- Code: Select all
`Original`

*-----------*

|.87|..9|23.|

|.9.|4.6|1..|

|..1|...|..5|

|---+---+---|

|...|6..|...|

|.5.|.8.|.2.|

|...|..1|...|

|---+---+---|

|5..|...|7..|

|..6|2.3|.1.|

|.42|7..|69.|

*-----------*

Reduced w/ Pencilmarks

*-----------------------------------------------------------*

| 46 8 7 | 15 15 9 | 2 3 46 |

| 2 9 5 | 4 3 6 | 1 78ab 78b |

| 34 36 1 | 8 7 2 | 9 46 5 |

|-------------------+-------------------+-------------------|

| 1379 123 348 | 6 249 45a | 348 57a 179 |

| 16 5 349 | 39 8 7 | 34 2 16 |

| 379 236 348 | 35 249 1 | 348 567 79 |

|-------------------+-------------------+-------------------|

| 5 13 39 | 19 6 48a | 7 48ab 2 |

| 89 7 6 | 2 49 3 | 5 1 48b |

| 18 4 2 | 7 15 58 | 6 9 3 |

*-----------------------------------------------------------*

[r2c8]-8-[r7c8] => [r7c8]<>8 (the easy part)

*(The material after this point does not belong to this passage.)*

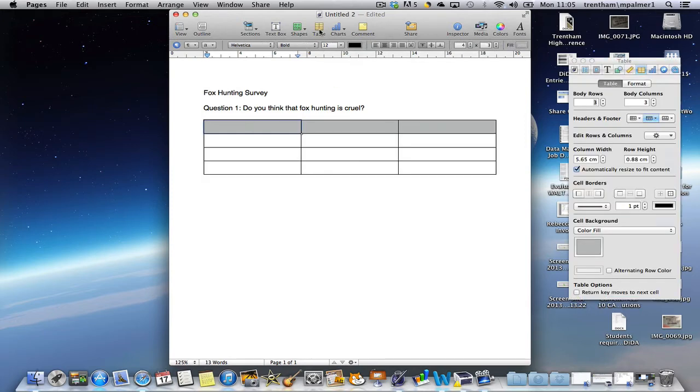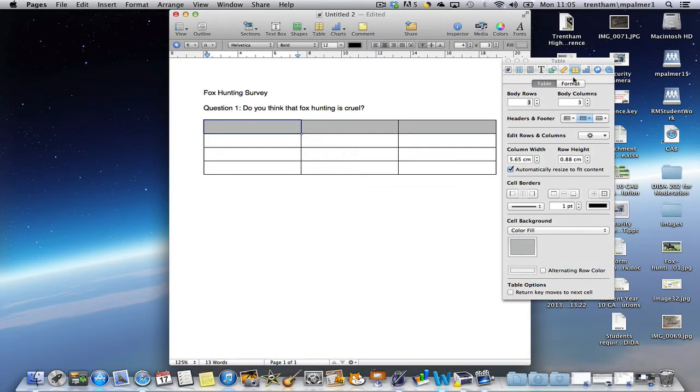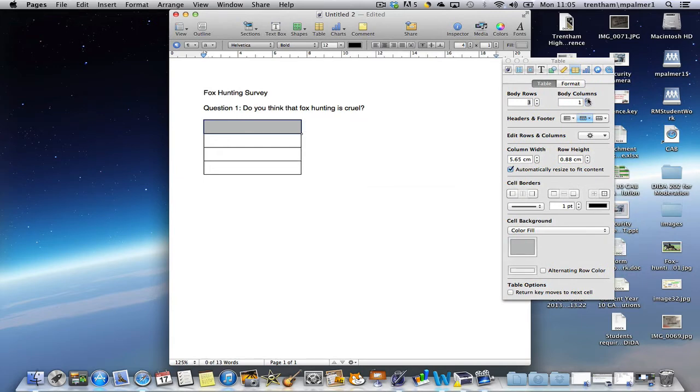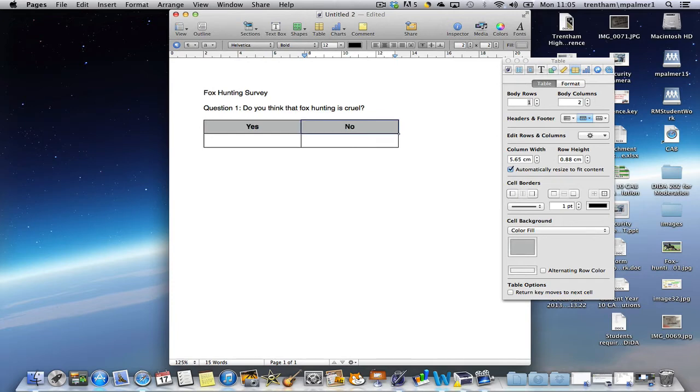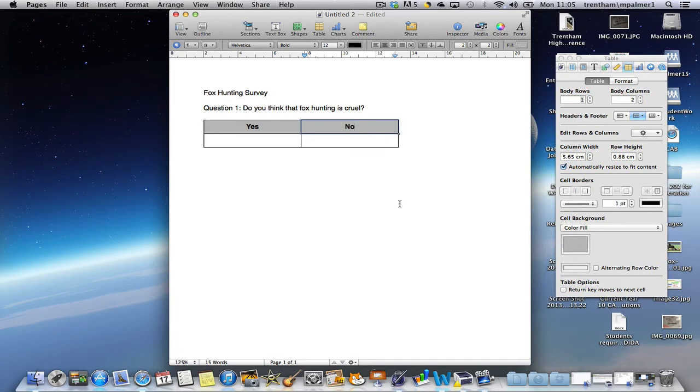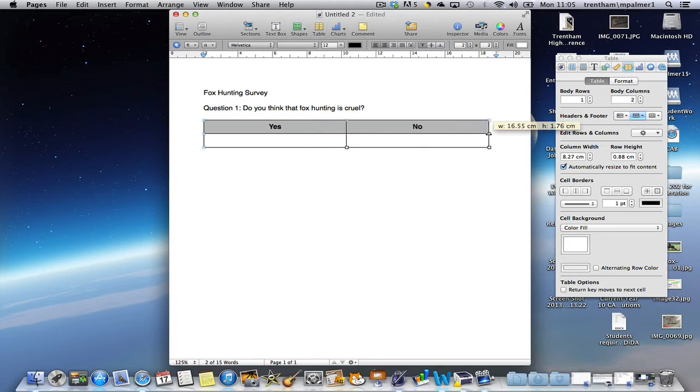The table is going to be two columns. I'm going to change that in the inspector to two columns and only one row. In the first column I'm going to put yes and the second column I'm going to put no. The idea is that I can keep a tally chart of how many people said yes and how many people said no, so that I haven't got to print out lots and lots of copies.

a) [r2c8]-7-[r4c8]-5-[r4c6]-4-[r7c6]-8-[r7c8] => [r7c8]<>8 (XY-Chain seems valid)

b) [r2c8]-7-[r2c9]-8-[r8c9] -4-[r7c8] => [r7c8]=8 (XY-Chain falls apart)

Since (a) and (b) can not both be true, then I'm left with [r2c8]<>7 -- which, indirectly, supports the XY-Chain. Any constructive suggestions -- besides not using XY-Chains? Is there a technique that I should have used on [r2c8] before trying the XY-Chain?

[Edit #1:] Aaack, I just realized that the (a) linkage <87><75><54><48> meets the definition of an XY-Chain and affected buddy cells, i.e. [r7c8]; whereas the (b) linkage <87><78><84> does not meet the definition of an XY-Chain. So much for trying to manually recreate my solver's logic.

[Edit #2:] However, my original suspicion that XY-Chains are non-deterministic still seems valid. If my solver had not followed path (a), then it might have followed path (b) and missed that an XY-Chain existed. To rectify this shortcoming, it seems to me that XY-Chains would need backtracking. This would definitely make it T&E.